To a certain extent it doesn’t really matter if my wife knows if I’ve bought this or that on Amazon. The most alarming purpose that information serves is partly to be able to advertise to us, so we get an increasingly limited view of the world because when you go for information on Google it uses your past history to control the search terms. So if you’re very right wing and live in America, you’ll only get ‘right wing live in America’ information. If you’re left wing and live in England, you’ll get the same thing. You get a rather limited world view.
That’s a worry. But more irritating than practical is the differential pricing. Although they can’t tell your IP address, through your past usage they pretty much know who you are. Using that you get differential pricing. You could say there is no such thing as an air fare. If I googled for an air fare on my computer now, I would be offered a different price than somebody who lives in Brixton who’s never tried to get an air fare before or who’s only able to afford very cheap ones, whose expenditure and consumption pattern shows that they’re a young person, they will get offered a lower air fare. You could say that’s democratic but I would say it’s very startling and not how it should work at all.

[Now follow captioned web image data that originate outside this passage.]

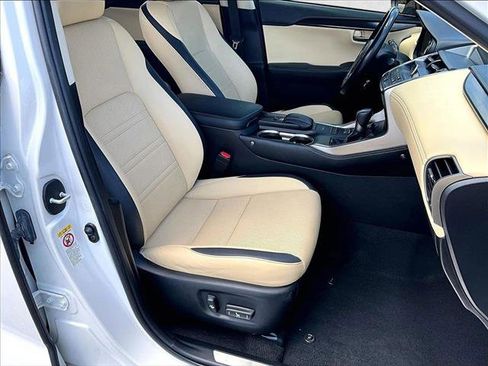 Used 2017 Lexus NX 200t FWD image 9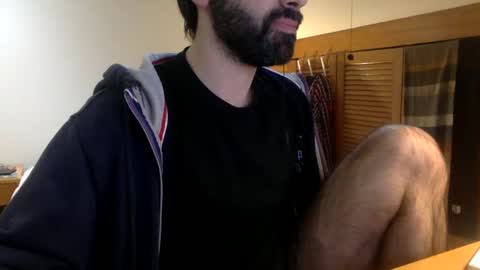 Snapshot of babyhardy chatting on December 18, 12:18 pm Tom A.    online show from December 18, 12:18 pm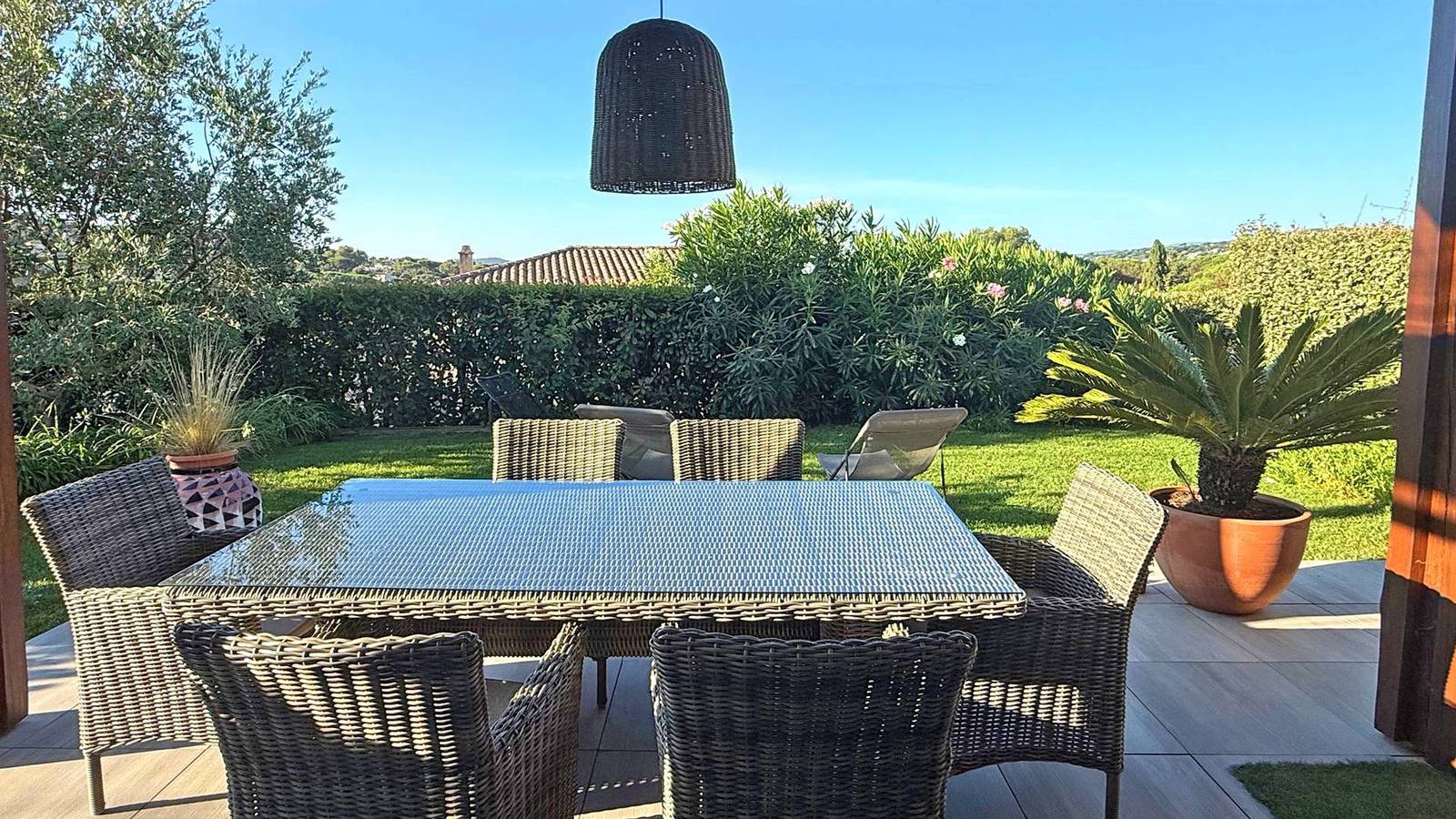 Apartamento vacacional entero, Apartment for 4 people – Swimming pool residence – Air conditioning – Wifi – Sainte Maxime in Sainte-Maxime, Region de Draguignan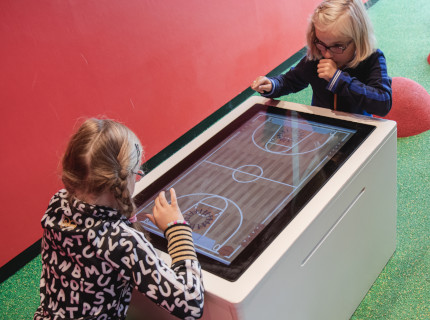 touchtable speeltafel bij KFC restaurants voor nog meer speelplezier en een goede klantervaring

I think also the Edward Snowden, that kind of snooping stuff is also potentially worrying and certainly in some respect we are living in Oceania, Big Brother has come to pass. If you’re on a computer that contains a camera, if GCHQ want to watch what I’m doing it’s very easy for them to do that. If for some reason they wanted to, they’d be able to switch on my camera and watch me and hear what I’m saying and doing. That is spooky and in the wrong hands, but I think one doesn’t want to get carried away with conspiracy theories either. But the means by which Oceania could come about is now all there, it’s all sitting waiting to happen in a sense, if you want to get paranoid about it.
One of the things that I’ve asked everybody this month is given your analysis of things, what are you buying for people this Christmas?
Hopefully very very little. My take on Christmas (I offered it on You and Yours recently) is that if you’ve got children, club together with other family members and choose something that they’re still going to want in three months’ after Christmas. So it’ll probably be a fairly high-end, expensive item. Then just ask everybody to contribute to it. Whether it’s an iPad or a bicycle or whatever it is, keep it simple.
Obviously if you’ve got under 5 year olds or small children, in a way it’s even more important, because that pile of plastic and paper that you end up with on Christmas morning or on birthday mornings is just such a nightmare. It’s so depressing for everyone including the child.
That’s my top tip for avoiding that happening. Indeed, we have agreed in our family to do a ballot. We did a ballot and each person is going to be given one present by the group. I can’t remember who I’m giving my present to, and I can’t remember who’s giving me my present, but only one present is all I’m going to get or give within the group of people who I’ll be together with on Christmas day. That’s a way to control it.
Christmas is for children really. For adults it’s when you all get together and there is a sense of community, although a lot of it’s quite tense and bad tempered, but then that’s families for you. But it doesn’t have to be like that and for many families it isn’t and for the adults. But I think it’s primarily for children. It does have a sort of wow factor and it is a magical moment potentially.